■ **PROBLEM STATEMENT**
Among the records below, find the line that has "Terreno à venda"; from there, give the lines again exactly, and stop after the line that has "long tailed skipper".

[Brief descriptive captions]
[Start of section]
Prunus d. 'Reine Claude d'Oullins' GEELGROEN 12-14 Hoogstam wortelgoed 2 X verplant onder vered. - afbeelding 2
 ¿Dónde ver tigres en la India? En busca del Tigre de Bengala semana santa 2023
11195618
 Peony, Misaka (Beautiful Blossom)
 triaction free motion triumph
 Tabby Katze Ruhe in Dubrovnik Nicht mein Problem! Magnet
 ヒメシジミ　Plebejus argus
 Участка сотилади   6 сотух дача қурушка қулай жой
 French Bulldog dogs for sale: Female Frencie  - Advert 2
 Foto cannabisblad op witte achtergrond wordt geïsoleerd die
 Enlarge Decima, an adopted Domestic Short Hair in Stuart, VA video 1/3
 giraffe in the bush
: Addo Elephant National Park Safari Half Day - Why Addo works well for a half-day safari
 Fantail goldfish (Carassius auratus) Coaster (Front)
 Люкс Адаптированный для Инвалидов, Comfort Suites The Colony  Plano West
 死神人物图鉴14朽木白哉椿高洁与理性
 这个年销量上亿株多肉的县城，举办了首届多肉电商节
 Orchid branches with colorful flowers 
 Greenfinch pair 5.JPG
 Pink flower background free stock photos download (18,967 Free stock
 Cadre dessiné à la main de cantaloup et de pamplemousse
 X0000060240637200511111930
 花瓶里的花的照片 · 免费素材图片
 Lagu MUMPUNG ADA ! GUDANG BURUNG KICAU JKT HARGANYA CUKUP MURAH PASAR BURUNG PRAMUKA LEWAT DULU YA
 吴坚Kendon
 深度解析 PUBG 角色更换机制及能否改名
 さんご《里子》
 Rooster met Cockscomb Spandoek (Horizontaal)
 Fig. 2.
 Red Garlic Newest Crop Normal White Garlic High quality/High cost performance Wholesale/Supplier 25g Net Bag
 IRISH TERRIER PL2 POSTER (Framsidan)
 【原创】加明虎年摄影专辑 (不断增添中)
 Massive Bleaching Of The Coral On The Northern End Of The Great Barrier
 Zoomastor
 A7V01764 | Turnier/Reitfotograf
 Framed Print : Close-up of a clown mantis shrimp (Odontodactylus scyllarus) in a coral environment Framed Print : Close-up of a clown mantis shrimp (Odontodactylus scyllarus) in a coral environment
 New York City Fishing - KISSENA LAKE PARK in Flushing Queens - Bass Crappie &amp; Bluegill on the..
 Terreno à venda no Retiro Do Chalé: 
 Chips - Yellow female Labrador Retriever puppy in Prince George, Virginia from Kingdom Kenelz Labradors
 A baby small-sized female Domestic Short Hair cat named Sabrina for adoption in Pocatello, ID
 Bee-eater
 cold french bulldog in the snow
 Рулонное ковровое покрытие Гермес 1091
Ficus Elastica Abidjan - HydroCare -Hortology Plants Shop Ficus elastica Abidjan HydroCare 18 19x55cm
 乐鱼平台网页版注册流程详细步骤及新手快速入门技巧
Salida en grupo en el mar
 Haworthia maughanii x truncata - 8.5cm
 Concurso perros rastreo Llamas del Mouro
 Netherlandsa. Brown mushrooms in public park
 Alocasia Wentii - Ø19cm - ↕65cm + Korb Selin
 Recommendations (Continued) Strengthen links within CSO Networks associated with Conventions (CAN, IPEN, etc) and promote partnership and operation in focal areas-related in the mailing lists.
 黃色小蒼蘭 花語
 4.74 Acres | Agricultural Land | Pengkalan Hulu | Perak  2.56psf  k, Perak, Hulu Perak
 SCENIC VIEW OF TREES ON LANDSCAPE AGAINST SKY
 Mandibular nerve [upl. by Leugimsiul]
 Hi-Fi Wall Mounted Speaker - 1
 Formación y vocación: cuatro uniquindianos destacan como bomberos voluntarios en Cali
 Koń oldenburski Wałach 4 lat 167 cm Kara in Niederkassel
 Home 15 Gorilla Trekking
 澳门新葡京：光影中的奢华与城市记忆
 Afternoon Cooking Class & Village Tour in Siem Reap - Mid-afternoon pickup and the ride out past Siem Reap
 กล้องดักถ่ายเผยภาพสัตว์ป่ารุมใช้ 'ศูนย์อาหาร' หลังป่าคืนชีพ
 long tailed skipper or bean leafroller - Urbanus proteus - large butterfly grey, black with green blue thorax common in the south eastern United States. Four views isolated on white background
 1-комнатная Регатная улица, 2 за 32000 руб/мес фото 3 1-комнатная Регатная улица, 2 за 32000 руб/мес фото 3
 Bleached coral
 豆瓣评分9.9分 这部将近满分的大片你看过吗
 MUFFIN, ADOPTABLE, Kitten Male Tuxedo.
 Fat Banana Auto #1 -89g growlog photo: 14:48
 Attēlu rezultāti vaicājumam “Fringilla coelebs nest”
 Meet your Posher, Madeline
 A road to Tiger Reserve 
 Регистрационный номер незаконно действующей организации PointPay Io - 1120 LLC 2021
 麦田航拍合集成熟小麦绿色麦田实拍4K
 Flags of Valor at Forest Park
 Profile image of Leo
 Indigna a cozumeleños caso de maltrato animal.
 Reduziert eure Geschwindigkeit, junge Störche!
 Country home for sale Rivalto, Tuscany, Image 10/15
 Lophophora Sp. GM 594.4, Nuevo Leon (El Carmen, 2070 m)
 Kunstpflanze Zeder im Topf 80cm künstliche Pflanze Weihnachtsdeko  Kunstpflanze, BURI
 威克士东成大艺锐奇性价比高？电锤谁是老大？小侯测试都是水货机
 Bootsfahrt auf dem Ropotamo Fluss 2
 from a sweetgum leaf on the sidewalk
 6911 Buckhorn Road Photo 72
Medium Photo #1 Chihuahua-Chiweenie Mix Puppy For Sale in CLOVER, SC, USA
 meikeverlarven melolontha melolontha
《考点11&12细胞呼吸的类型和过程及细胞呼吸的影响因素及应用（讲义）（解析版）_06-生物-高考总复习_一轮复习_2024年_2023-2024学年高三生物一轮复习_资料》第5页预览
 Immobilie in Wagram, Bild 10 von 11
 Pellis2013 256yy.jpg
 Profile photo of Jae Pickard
[End of section]
■ **YOUR SOLUTION**
 Terreno à venda no Retiro Do Chalé: 
 Chips - Yellow female Labrador Retriever puppy in Prince George, Virginia from Kingdom Kenelz Labradors
 A baby small-sized female Domestic Short Hair cat named Sabrina for adoption in Pocatello, ID
 Bee-eater
 cold french bulldog in the snow
 Рулонное ковровое покрытие Гермес 1091
Ficus Elastica Abidjan - HydroCare -Hortology Plants Shop Ficus elastica Abidjan HydroCare 18 19x55cm
 乐鱼平台网页版注册流程详细步骤及新手快速入门技巧
Salida en grupo en el mar
 Haworthia maughanii x truncata - 8.5cm
 Concurso perros rastreo Llamas del Mouro
 Netherlandsa. Brown mushrooms in public park
 Alocasia Wentii - Ø19cm - ↕65cm + Korb Selin
 Recommendations (Continued) Strengthen links within CSO Networks associated with Conventions (CAN, IPEN, etc) and promote partnership and operation in focal areas-related in the mailing lists.
 黃色小蒼蘭 花語
 4.74 Acres | Agricultural Land | Pengkalan Hulu | Perak  2.56psf  k, Perak, Hulu Perak
 SCENIC VIEW OF TREES ON LANDSCAPE AGAINST SKY
 Mandibular nerve [upl. by Leugimsiul]
 Hi-Fi Wall Mounted Speaker - 1
 Formación y vocación: cuatro uniquindianos destacan como bomberos voluntarios en Cali
 Koń oldenburski Wałach 4 lat 167 cm Kara in Niederkassel
 Home 15 Gorilla Trekking
 澳门新葡京：光影中的奢华与城市记忆
 Afternoon Cooking Class & Village Tour in Siem Reap - Mid-afternoon pickup and the ride out past Siem Reap
 กล้องดักถ่ายเผยภาพสัตว์ป่ารุมใช้ 'ศูนย์อาหาร' หลังป่าคืนชีพ
 long tailed skipper or bean leafroller - Urbanus proteus - large butterfly grey, black with green blue thorax common in the south eastern United States. Four views isolated on white background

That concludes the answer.